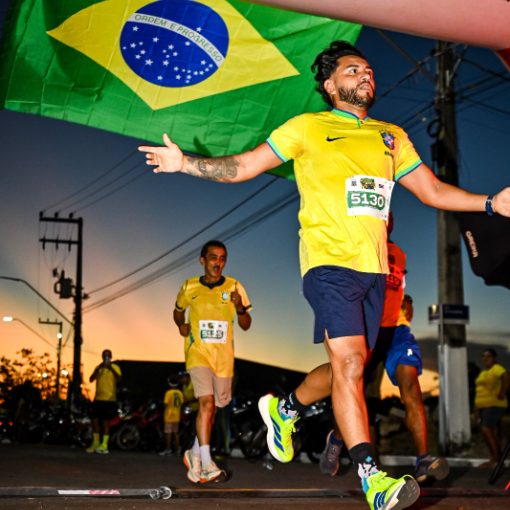 Event cover Corrida do Hexa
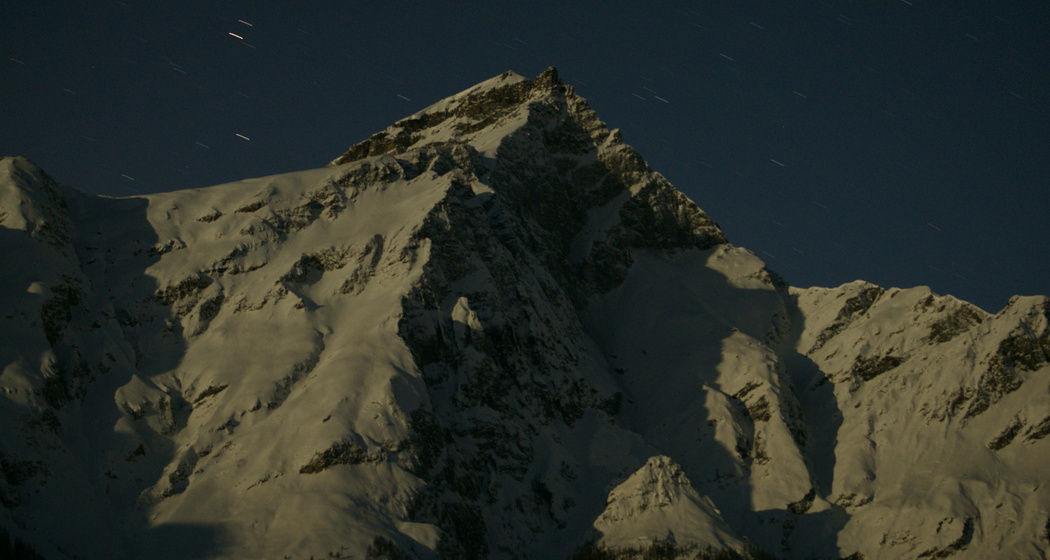 Vollmondwanderung mit "Swiss Tavolata"-Nachtessen
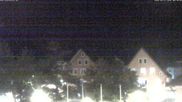Archived webcam image showing Town Hall Square of Sonthofen (Allgäu) on 13 Sep 2026 at 00:43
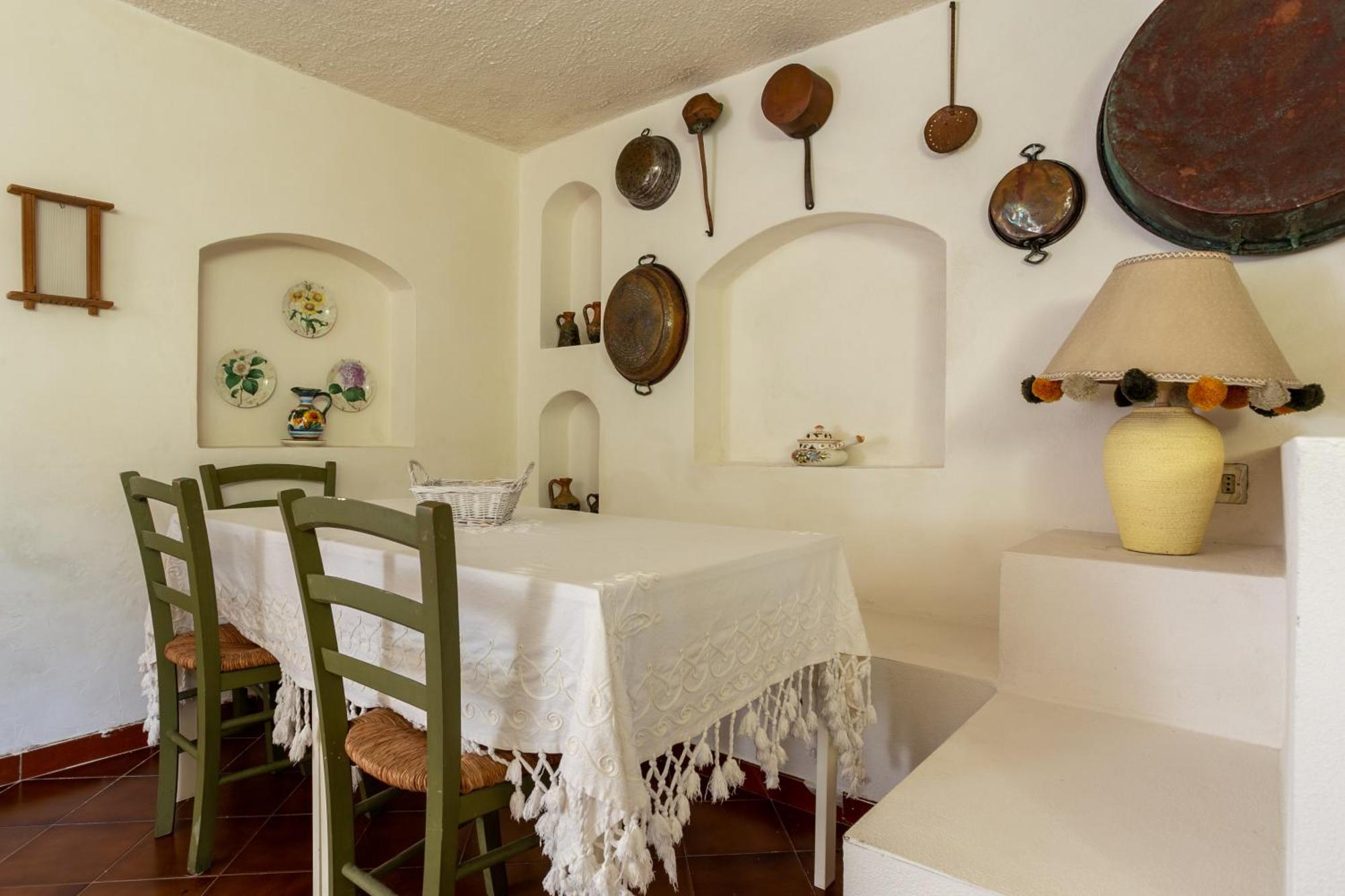 Tollo Villa Carol Appartamento E B&B מראה חיצוני תמונה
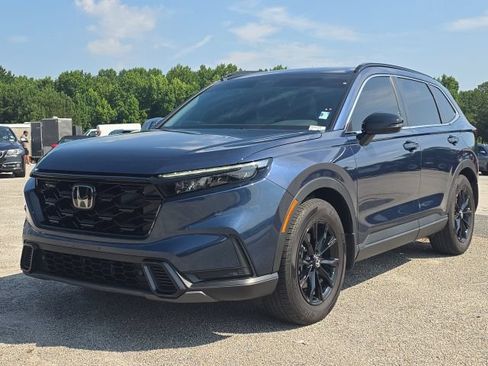 Used 2024 Honda CR-V Sport-L image 1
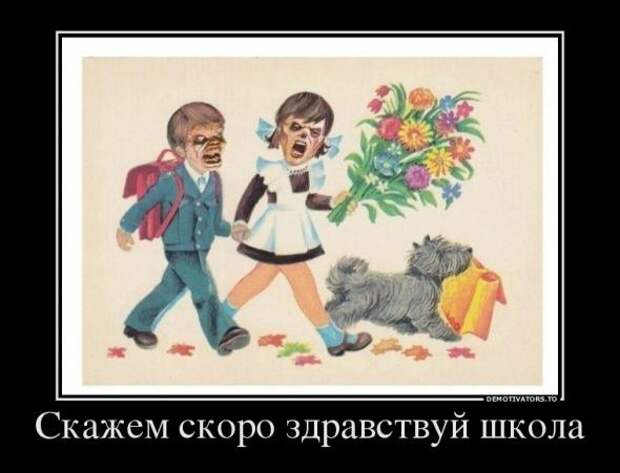 Немного новых демотиваторов
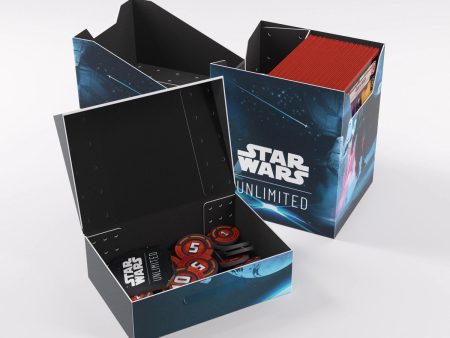 GameGenic Star Wars Unlimited Soft Crate For Cheap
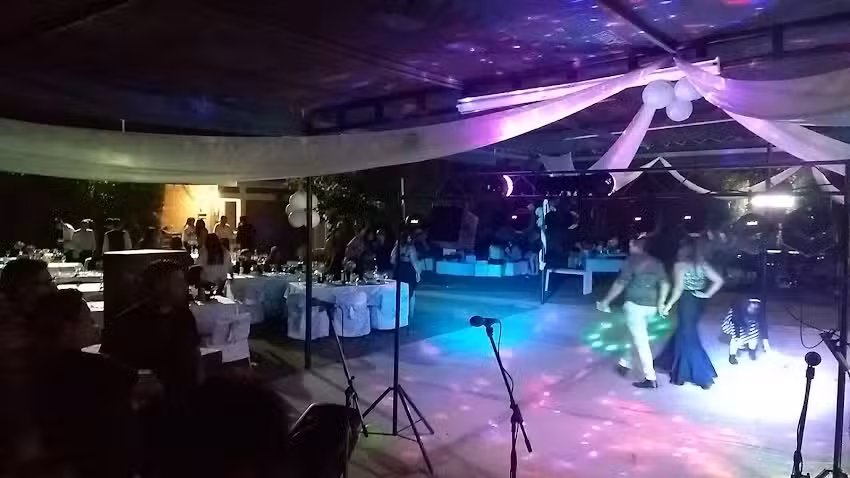 Sal&oacute;n de Eventos Padea II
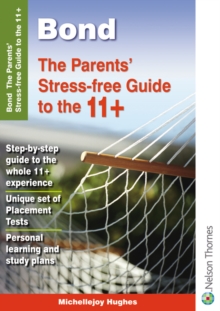 Image for Bond : The Parents' Stress-free Guide to the 11+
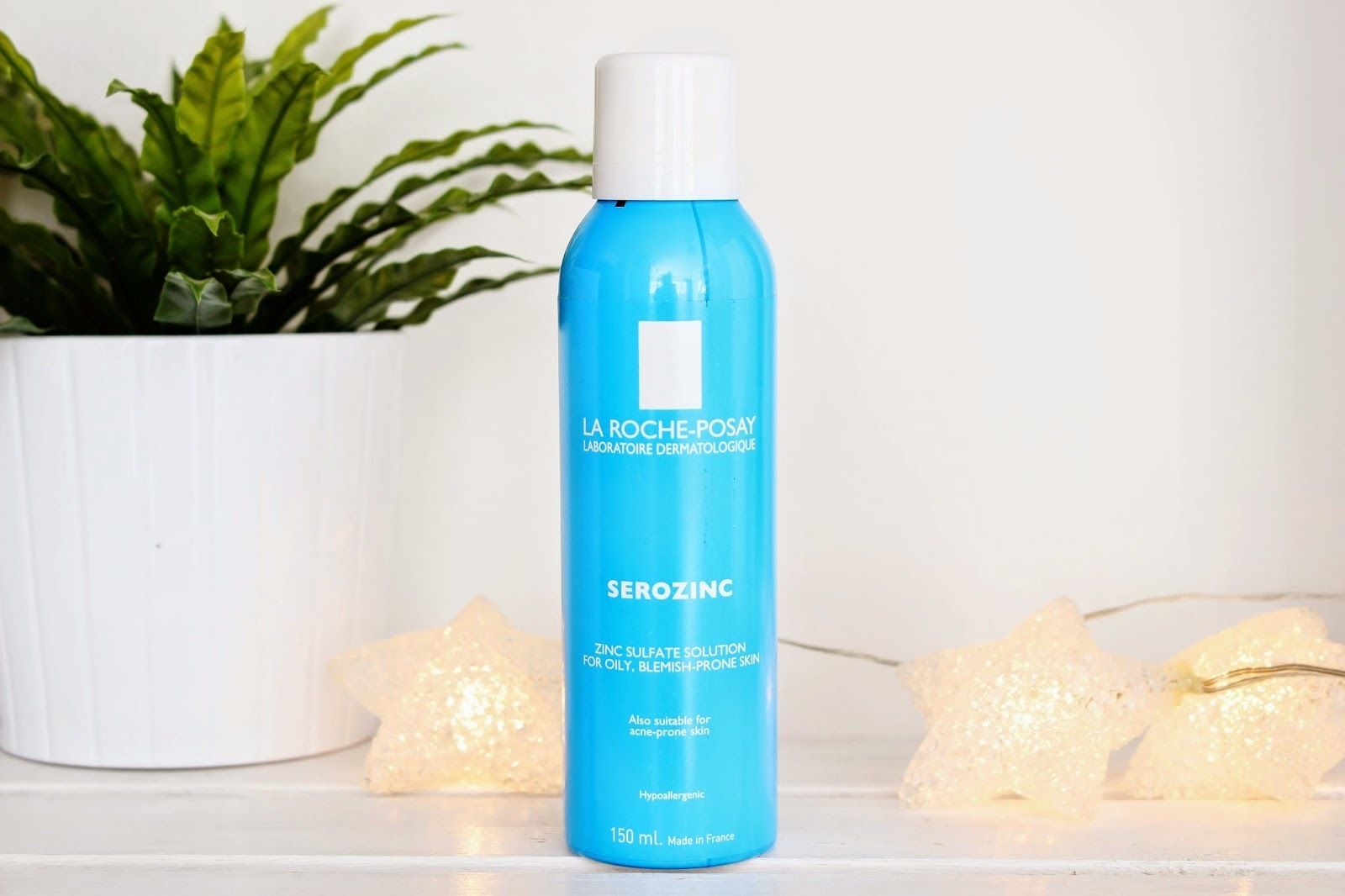 Toner cho da dầu mụn La Roche Posay Serozinc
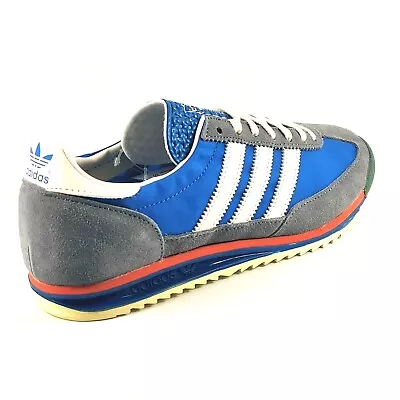 Adidas SL 72 Vintage Originals Mens Shoes Trainers Uk Size 7 - 12   909495 • £59.99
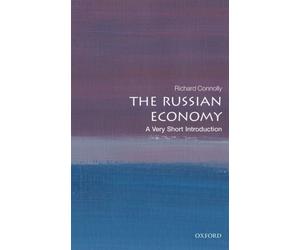 RUSSIAN ECONOMY by Richard University of Birmingham Connolly Paperback Self Help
______________________________
▸ **TASK DESCRIPTION**: Transcribe the whole listing, character for character, but not its images.

▸ **OUTPUT BELOW**:
 Event cover Corrida do Hexa
 Vollmondwanderung mit "Swiss Tavolata"-Nachtessen
Archived webcam image showing Town Hall Square of Sonthofen (Allgäu) on 13 Sep 2026 at 00:43
 Tollo Villa Carol Appartamento E B&B מראה חיצוני תמונה
 Used 2024 Honda CR-V Sport-L image 1
 Немного новых демотиваторов
 GameGenic Star Wars Unlimited Soft Crate For Cheap
 Sal&oacute;n de Eventos Padea II
 Image for Bond : The Parents' Stress-free Guide to the 11+
 Toner cho da dầu mụn La Roche Posay Serozinc
 Adidas SL 72 Vintage Originals Mens Shoes Trainers Uk Size 7 - 12   909495 • £59.99
 RUSSIAN ECONOMY by Richard University of Birmingham Connolly Paperback Self Help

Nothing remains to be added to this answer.